The political prisoners have attempted to protest their poor treatment through hunger strikes, but their demands have been silenced with blows, transfers to maximum security cells, and prohibiting visits.

130 new political prisoners in less than a year

On February 9, 2023, the Ortega regime released and banished  222 political prisoners, many of whom had been in prison since 2019. These prisoners were flown to the United States on a journey financed by USAID, christened “Operation Nica Welcome.” However, this didn’t leave the Nicaraguan jails empty of political prisoners. At that time, 35 Nicaraguan political prisoners remained locked up, including ten who had been imprisoned since 2018.

Jonathan Snayder Lopez is the political prisoner from the April Rebellion who’s been in prison longest. He was detained on June 22, 2018, and as of January 23rd has spent 2,042 days in prison. Opposition leaders Fanor Alejandro Ramos, Jaime Enrique Navarrete, and Eliseo de Jesus Castro, all detained in 2019, are the other political prisoner who’ve remained locked up the longest. Eliseo Castro was hospitalized in 2021 for a stroke.

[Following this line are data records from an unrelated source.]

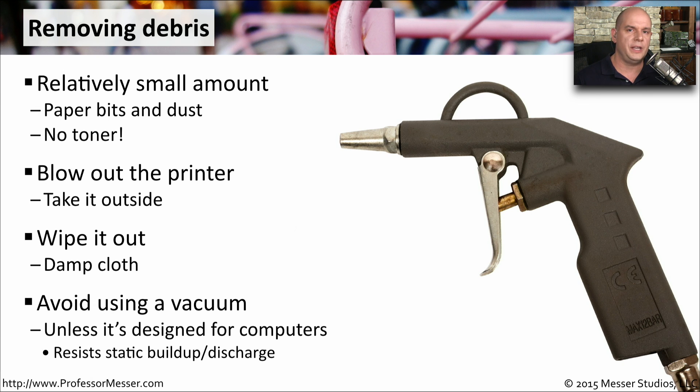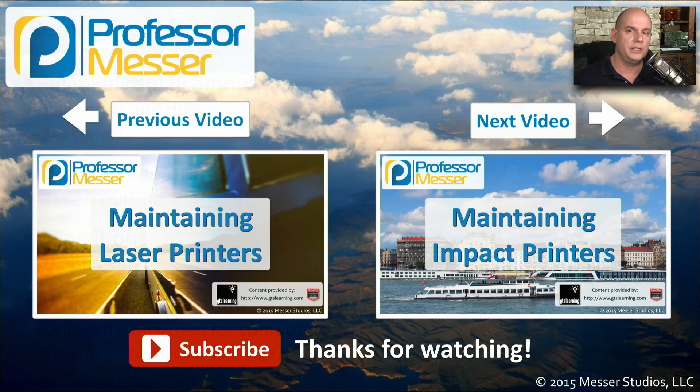You probably want to avoid using a traditional vacuum cleaner inside your printer or computer, because traditional vacuum cleaners have a lot of static buildup and static discharge that occurs. There are specially designed vacuum cleaners just for computers, and they would be perfect for cleaning out the inside of a computer system or inside of a printer.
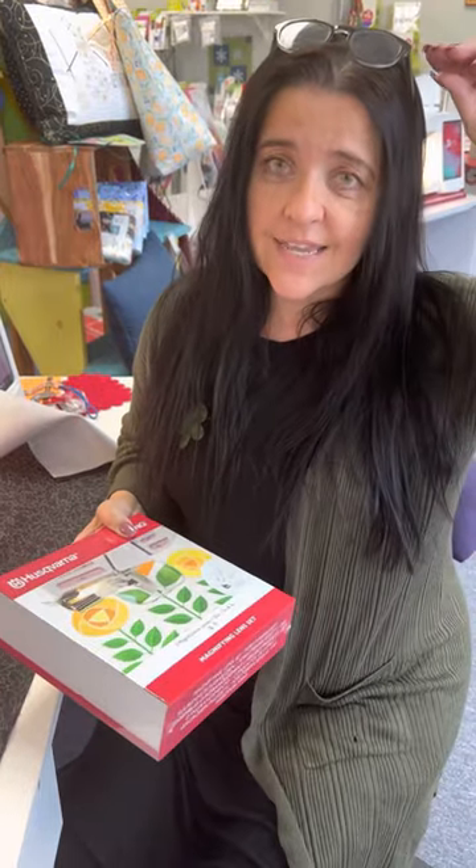Those of you that know me know I'm blind as a bat. I am nearsighted since the fourth grade — hi Mrs. Smith, my first teacher with glasses. So normally I wear contacts to get here so that everyone lives through my commute. But because I'm nearsighted and I can't see far away, when I have the lenses in I can't see up close anymore.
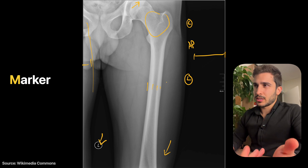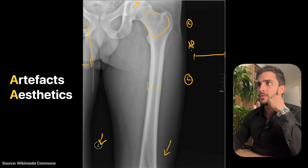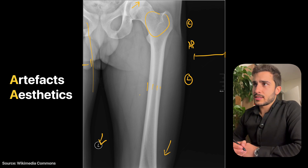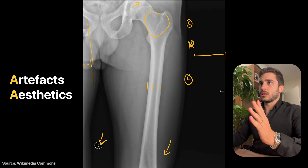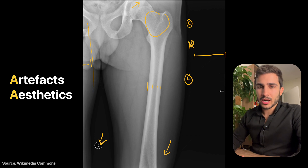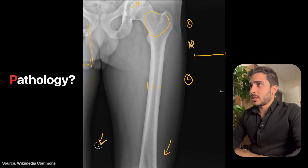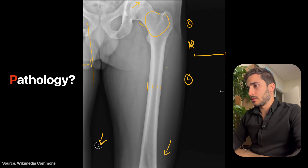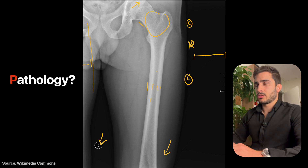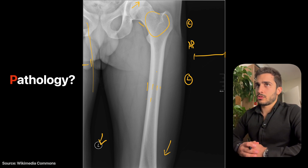The marker position isn't necessarily wrong, just a change would have been ideal. Aesthetics and artifacts: there are no visible artifacts and the aesthetics are really good — everything is in line and the anatomy is clearly visible. The only improvement would be centering slightly higher to include the full hip joint. No patient name or identification is visible for anonymous reasons. No pathology is seen — the neck of femur and long bone look quite good, with very thick cortices.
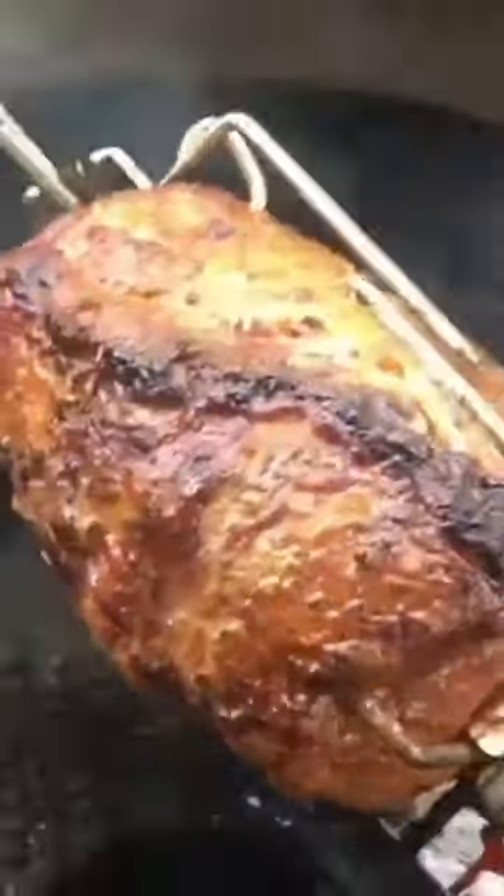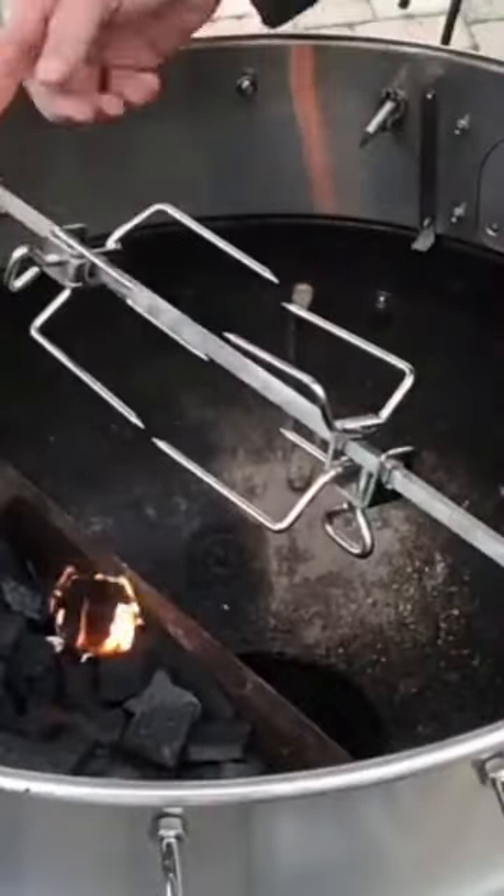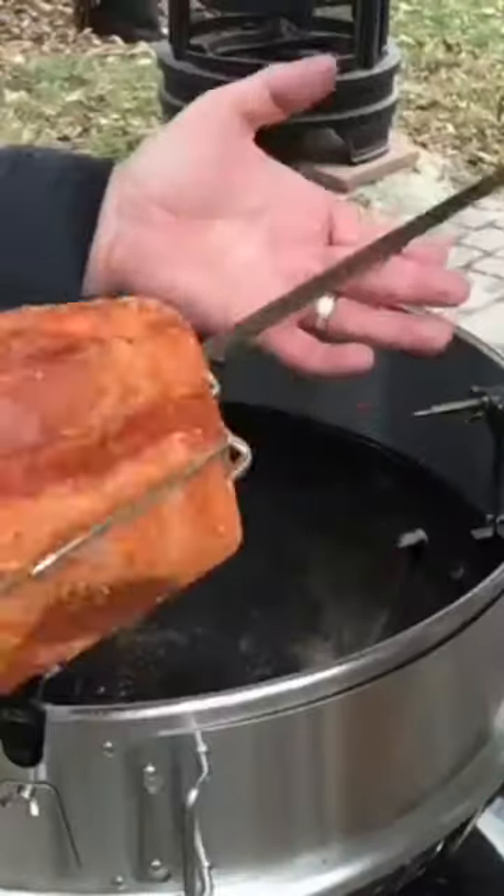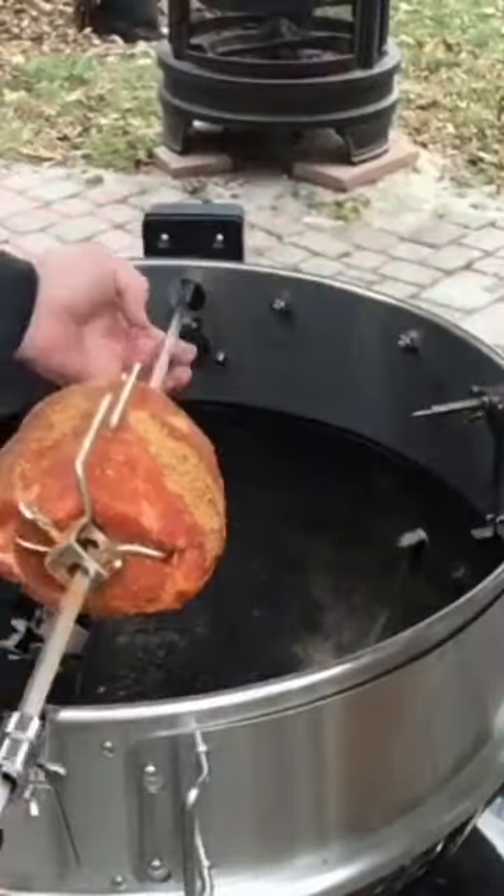The next time you're cooking a pork roast, try it on the rotisserie with this indirect setup. Put it on the spit, season it up once it's nicely sweated in, and get it all over the grill.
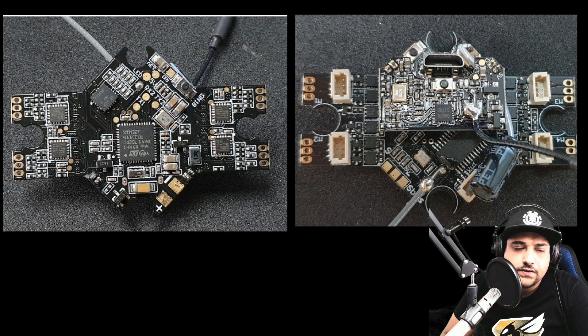Hey, what is up guys, and welcome back. So in today's video, we're going to be doing an advanced breakdown of the Tiny Hawk 2 board here. I find it pretty interesting, so if somebody finds it interesting, you can go ahead and follow along.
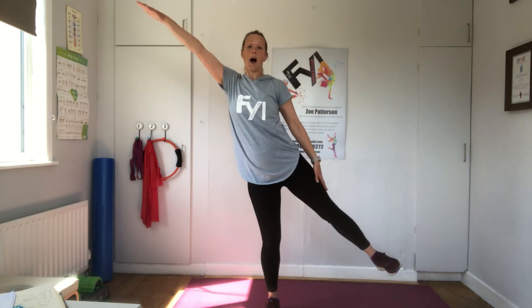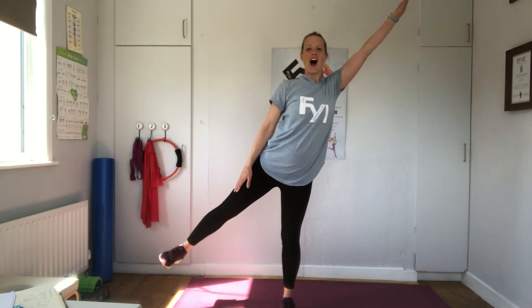Superman hold. Superman. Now together into opposites. Together. In two. Opposites. Together. In two. Opposites. Together. Reverse it. Opposites. Together. Other side. Opposites. Together. Take a break. Shake it out.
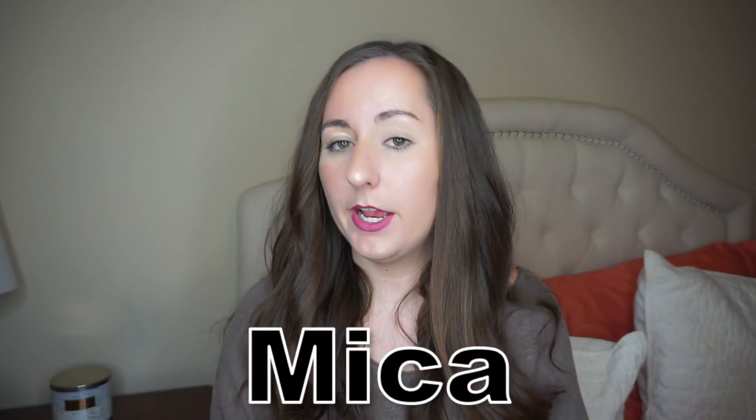for $13.99, whereas the Becca powder was $38 — that's a giant price difference right there. Both of these products have water as the first ingredient, so it's going to have similar properties to the Becca one in that regard. This one has mica as a second ingredient, whereas in the Becca powder it was a dimethicone vinyl dimethicone cross polymer.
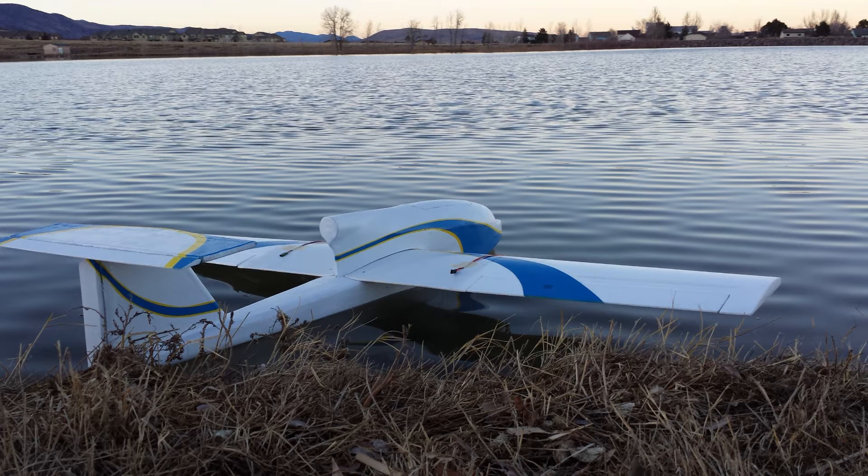I thought I'd do a little overview on my seaplane build. It's still missing the wingtip floats, but I'll add those a little bit later.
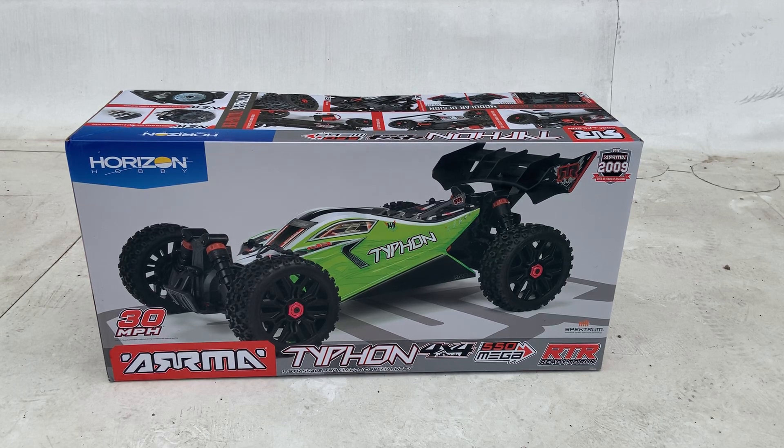Hey everybody, welcome back, thanks for clicking. Here at Warranty Voids we've got a new animal — the Arma Typhon, just the mega version, 550 brushed motor. I got this just to mess around with my nephew who's got the Arma Granite brushed mega that you've probably seen in a video or two.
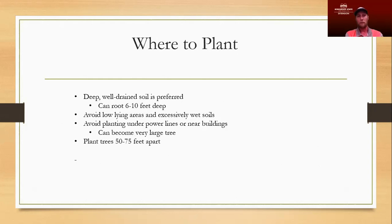Pecan trees can become very large, so we need to make sure we plant them plenty apart. Sometimes you can get away with 40 to 60 foot spacings, but you'll more than likely have to go in and thin them out once they get mature. For homeowners, we typically recommend planting 50 to 75 feet apart so you don't have to come back and cut any down. Commercial production will plant them a little closer to get higher yields from young trees, then thin out once they mature.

Each time a group of political prisoners is released, the regime wastes no time filling its cells with new prisoners of conscience. A series of police raids in April 2023, in the context of the fifth anniversary of the 2018 mass protests, centered on Catholic leaders and faithful parishioners. That action meant some thirty new political prisoners were tried and found guilty amid completely hermetic silence.

The Mechanism for the Recognition of Political Prisoners denounced that the regime hasn’t slowed their sudden captures nor definitive detentions. At least 60 people are being held under de facto house arrest after being summarily taken to Managua courtrooms in May 2023 and accused of “undermining the country’s sovereignty” and “spreading fake news,” the regime’s most common blanket accusations. Another ten or so have been added to these, the only difference being that no charges have been levied against them. Nonetheless, they must come and sign in at their local police stations at regular intervals.

The most recent raid was in December 2023, when the dictatorship rounded up 18 religious leaders. These were released and banished to the Vatican on January 14th.  Between November and December 2023, the Mechanism documented 43 arbitrary detentions. Of these detainees at least 13 were subsequently released at some moment.

“The rest of these people are added on to other cases that are in the process of analysis and verification. At the moment of publication, we’ve established at least 25,” the report indicates.